Test this out yourself. Just go to sleep and dream. You can generate an entire world and even people without any external stimuli at all. Life is but a dream.

The Buddha’s insight was that you can override this simulation. In higher, non-linguistic states he was able to not attach to anything in this life (good or bad). Thus his mind did not create the state we call suffering. Old age, sickness, and death still happened to him but he did not experience them as suffering.

This was his path.
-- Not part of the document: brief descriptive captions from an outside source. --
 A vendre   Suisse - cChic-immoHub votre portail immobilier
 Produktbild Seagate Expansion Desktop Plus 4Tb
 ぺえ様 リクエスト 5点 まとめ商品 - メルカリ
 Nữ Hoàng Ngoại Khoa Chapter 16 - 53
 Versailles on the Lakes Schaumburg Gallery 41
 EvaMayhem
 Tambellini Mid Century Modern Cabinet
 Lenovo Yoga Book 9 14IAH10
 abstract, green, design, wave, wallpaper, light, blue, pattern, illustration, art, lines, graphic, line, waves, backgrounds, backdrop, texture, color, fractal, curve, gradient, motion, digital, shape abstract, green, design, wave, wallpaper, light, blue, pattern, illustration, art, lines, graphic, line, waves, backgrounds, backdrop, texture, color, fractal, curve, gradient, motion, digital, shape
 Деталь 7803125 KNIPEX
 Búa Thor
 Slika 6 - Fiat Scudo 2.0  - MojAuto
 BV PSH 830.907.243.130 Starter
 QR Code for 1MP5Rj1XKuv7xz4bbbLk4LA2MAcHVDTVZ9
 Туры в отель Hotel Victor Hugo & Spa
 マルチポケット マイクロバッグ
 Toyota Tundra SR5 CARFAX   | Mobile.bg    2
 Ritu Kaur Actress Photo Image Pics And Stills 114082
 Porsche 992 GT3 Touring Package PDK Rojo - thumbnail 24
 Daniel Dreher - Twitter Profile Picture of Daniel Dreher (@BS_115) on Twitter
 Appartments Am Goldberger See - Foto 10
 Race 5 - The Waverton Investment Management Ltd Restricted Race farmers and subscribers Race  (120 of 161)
It’s almost impossible to follow, but not impossible.

Revenge

3. "He abused me, he defeated me, he robbed me": the hatred of them, who harbour this thought, is not appeased
4. "He abused me, he defeated me, he robbed me": the hatred of them who do not harbor this thought, is appeased

Social reality — the most unreal reality of all — feels, paradoxically, the most real. We feel the need for revenge in a most physical way. Personally I’ve felt this in traffic — the most transient of interactions. Revenge has motivated art from the Ramayana to John Wick. Vengeance can feel dope, but only for an instant. It’s an ephemeral itch for an eternal scratch. Vengeance is both never-lasting and never-ending (re: Gangs Of Wasseypur, if you can spare five hours to really understand).

Hatred

5. Hatred is never appeased by hatred; it is appeased by non-hatred. This is the eternal law.
6. "We do here perish": this the others do not understand. But if they do understand, their quarrels are thereby appeased.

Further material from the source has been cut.